Once again, the trademark examiner expressed reservations about the legality of the Foundation's application -- this time its attempt to register the term Urantian -- citing Rule 2.61(b) of the regulations governing trademark registrations in a negative response to the Foundation's application. The Patent Office specifically asked the Foundation ...
... whether the designation "Urantian" has any known meaning?
This inquiry was apparently attendant to a provision in United States trademark law which prevents the registration of a term or symbol "which, from the nature of the fact it is used to signify, others may employ with equal truth, and therefore have the right to employ for the same purpose."
You may be shocked to learn that, in spite of the Foundation's previous publications which clearly indicate the use and meaning of the word "Urantian", and in spite of the word's long-standing common usage within the movement, URANTIA Foundation evaded the examiner's question and again failed to mention the material fact it must have thought would have a substantial bearing on the legality of its attempt to gain exclusive control of the word "Urantian". The Foundation's response:
In response to the Examiner's inquiry, the designation URANTIAN is not a dictionary word. It is a coined word -- formed by, and from the name of, Applicant Foundation -- which has been adopted and is employed by Applicant to identify publications [at this point, newsletters] published and distributed by Applicant.
The examiner, who no doubt had a dictionary at his disposal, didn't ask if "Urantian" was a dictionary word. He specifically asked the Foundation if the word had "any known meaning."
WHAT END COULD POSSIBLY JUSTIFY THESE MEANS?
The Foundation's response avoided a direct answer to the question while suggesting that the word was just a term the Foundation "coined" for its newsletter. Interestingly, the newsletter was first published only a few days prior to the date of the Foundation's original application to exclusively appropriate the term "Urantian" and after the expression had been extensively used by movement leaders and other believers for more than 16 years.
Therefore, as a direct result of the URANTIA Foundation's concealment of the well-known meaning of "Urantian," and its claim that it had "coined" the word, the trademark application was approved and the word "Urantian" became an exclusive trademark of URANTIA Foundation.
Consequently, the Foundation can, at its discretion, threaten or prosecute believers who use the term "Urantian" in connection with their personal or organizational outreach activities.
The action taken by Center for URANTIA Book Synergy, Inc. in its efforts to carry on its goals to spread the Revelation and maintain its identity -- specifically its counter suit to cancel the registered marks of the URANTIA Foundation -- was taken with considerable regret, and is in no way an attempt to undermine the Foundation in its legitimate efforts to fulfill its mission as authorized in the Declaration of Trust which established the Foundation and defines its responsibilities and authority.

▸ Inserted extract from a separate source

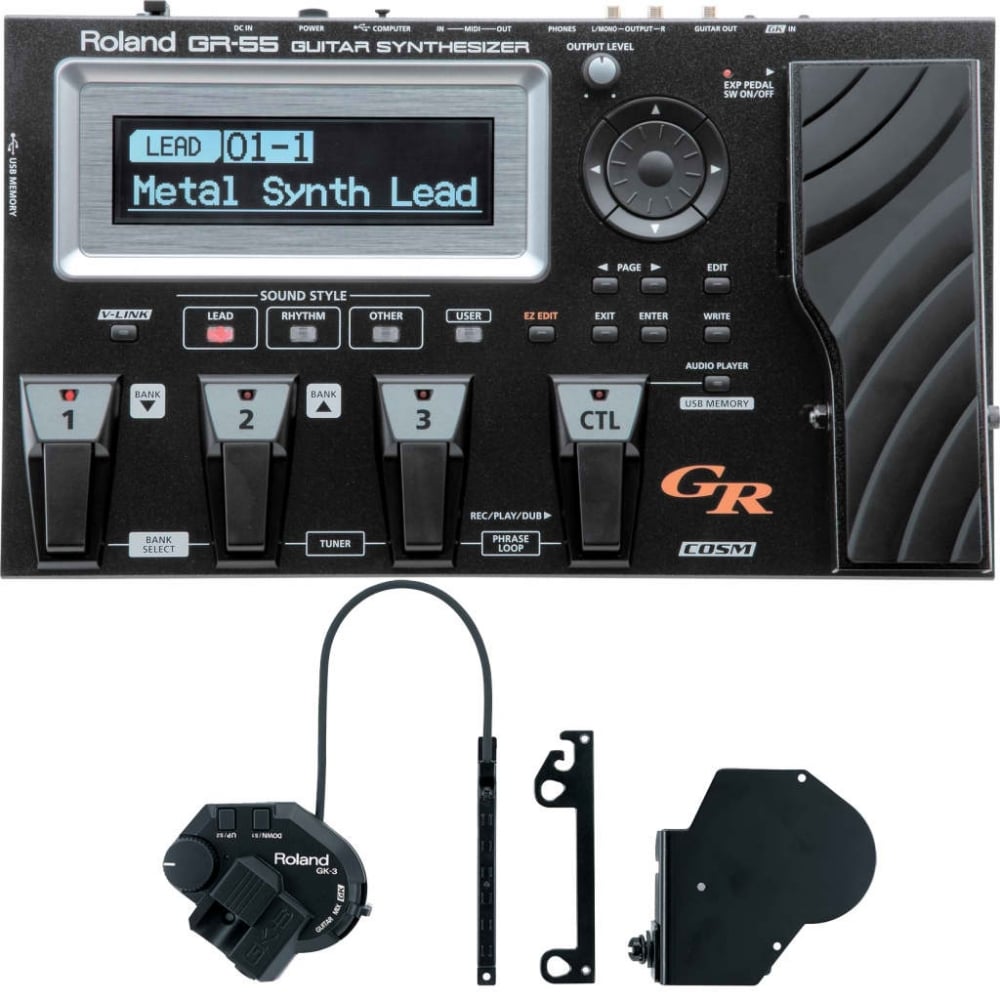 ローランドGR55，とGK3のセット Roland GR-55 Guitar Synthesizer with GK-3 Pickup | Sweetwater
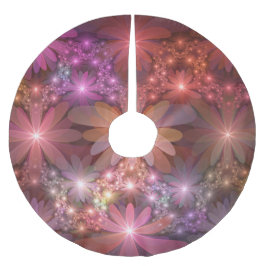 Falda Para El Árbol De Navidad De Poliéster Cama De Flores Coloridas Brillantes Resumen Arte F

The Center for URANTIA Book Synergy, Inc. asserts, however, that the Foundation has gone far beyond the legal interpretation of its directives in its attempts to restrict the dissemination of The Urantia Book. It has exceeded its rightful authority in attempting to restrict or deny the rights of dedicated people involved in the Urantia Movement, now and in the future, to identify with and freely utilize the title of the Revelation, The Urantia Book, and the term "Urantian". It is doubtful whether the trade and service marks which they now employ to restrict and control legitimate outreach activities of independent organizations like Center for URANTIA Book Synergy, Inc. are valid and in compliance with the law.